Is this what you were looking for -

[June 5, 2019 2:50:08 PM PDT] org.broadinstitute.hellbender.tools.walkers.mutect.filtering.FilterMutectCalls done. Elapsed time: 0.09 minutes. Runtime.totalMemory()=691404800 java.lang.IllegalArgumentException: log10 p: Values must be non-infinite and non-NAN at org.broadinstitute.hellbender.utils.NaturalLogUtils.logSumExp(NaturalLogUtils.java:84) at org.broadinstitute.hellbender.utils.NaturalLogUtils.normalizeLog(NaturalLogUtils.java:51) at org.broadinstitute.hellbender.tools.walkers.mutect.clustering.SomaticClusteringModel.clusterProbabilities(SomaticClusteringModel.java:203) at org.broadinstitute.hellbender.tools.walkers.mutect.clustering.SomaticClusteringModel.learnAndClearAccumulatedData(SomaticClusteringModel.java:122) at org.broadinstitute.hellbender.tools.walkers.mutect.filtering.Mutect2FilteringEngine.learnParameters(Mutect2FilteringEngine.java:156) at org.broadinstitute.hellbender.tools.walkers.mutect.filtering.FilterMutectCalls.afterNthPass(FilterMutectCalls.java:151) at org.broadinstitute.hellbender.engine.MultiplePassVariantWalker.traverse(MultiplePassVariantWalker.java:44) at org.broadinstitute.hellbender.engine.GATKTool.doWork(GATKTool.java:1039) at org.broadinstitute.hellbender.cmdline.CommandLineProgram.runTool(CommandLineProgram.java:139) at org.broadinstitute.hellbender.cmdline.CommandLineProgram.instanceMainPostParseArgs(CommandLineProgram.java:191) at org.broadinstitute.hellbender.cmdline.CommandLineProgram.instanceMain(CommandLineProgram.java:210) at org.broadinstitute.hellbender.Main.runCommandLineProgram(Main.java:162) at org.broadinstitute.hellbender.Main.mainEntry(Main.java:205) at org.broadinstitute.hellbender.Main.main(Main.java:291) Using GATK jar bcbio_1.1.5/anaconda/share/gatk4-4.1.2.0-1/gatk-package-4.1.2.0-local.jar Running: java -Dsamjdk.use_async_io_read_samtools=false -Dsamjdk.use_async_io_write_samtools=true -Dsamjdk.use_async_io_write_tribble=false -Dsamjdk.compression_level=2 -Xms681m -Xmx3181m -XX:+UseSerialGC -Djava.io.tmpdir=bcbio_20180410/work_novoalign/bcbiotx/tmp3gkzrbvm -jar bcbio_1.1.5/anaconda/share/gatk4-4.1.2.0-1/gatk-package-4.1.2.0-local.jar FilterMutectCalls --reference bcbio_1.1.5/genomes/Hsapiens/hs37d5/seq/hs37d5.fa --variant bcbio_20180410/work_novoalign/mutect2/13/Tumor-raw.vcf.gz --output bcbio_20180410/work_novoalign/bcbiotx/tmp3gkzrbvm/Tumor-raw-filt.vcf.gz ' returned non-zero exit status 3.

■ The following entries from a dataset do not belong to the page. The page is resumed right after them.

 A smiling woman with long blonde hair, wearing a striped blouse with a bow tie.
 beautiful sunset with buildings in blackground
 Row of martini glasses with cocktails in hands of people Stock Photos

mbootwalla commented 5 years ago

@roryk any updates on this issue? Kindly let me know if you need any more details.

chapmanb commented 5 years ago

Moiz; Thanks for following up on this. I was able to reproduce and it looks like the same error can happen in some cases with the callable reads in the stats file set at 1 (which was our workaround for 0 reads). Increasing to a bigger number seems to avoid it and the latest development now does this to try and work around the issue more generally. If you update to the latest development version of bcbio, remove the problematic Tumor-raw.vcf.gz (and .stats) files and re-run it should hopefully work cleanly now. Please let us know if you are still stuck. Thanks again for the help debugging.

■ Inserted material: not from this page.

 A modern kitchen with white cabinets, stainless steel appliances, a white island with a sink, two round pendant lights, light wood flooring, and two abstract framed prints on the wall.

mbootwalla commented 5 years ago

Hi Brad,

I tested this and confirm that it works fine now. I will let you know if this issue crops up again.

Thank you so much for fixing this!

roryk commented 5 years ago

Thank you for following up Moiz!

mbootwalla commented 5 years ago

Hello @chapmanb and @roryk . I have run into this issue again. Not sure what the issue is now. Kindly let me know if you guys have any ideas or if you need files to test this out.

Thanks,

Moiz

chapmanb commented 5 years ago

Moiz; Thanks for the report and apologies about the continued problems. I still have no clue about what causes the underlying issue and allows MuTect2 to make calls but report zero callable reads, but tried to keep going with the less than perfect solution we've been using and set it to a higher number. Hope this gets it working now and avoids the problem. Thanks again for your patience with this.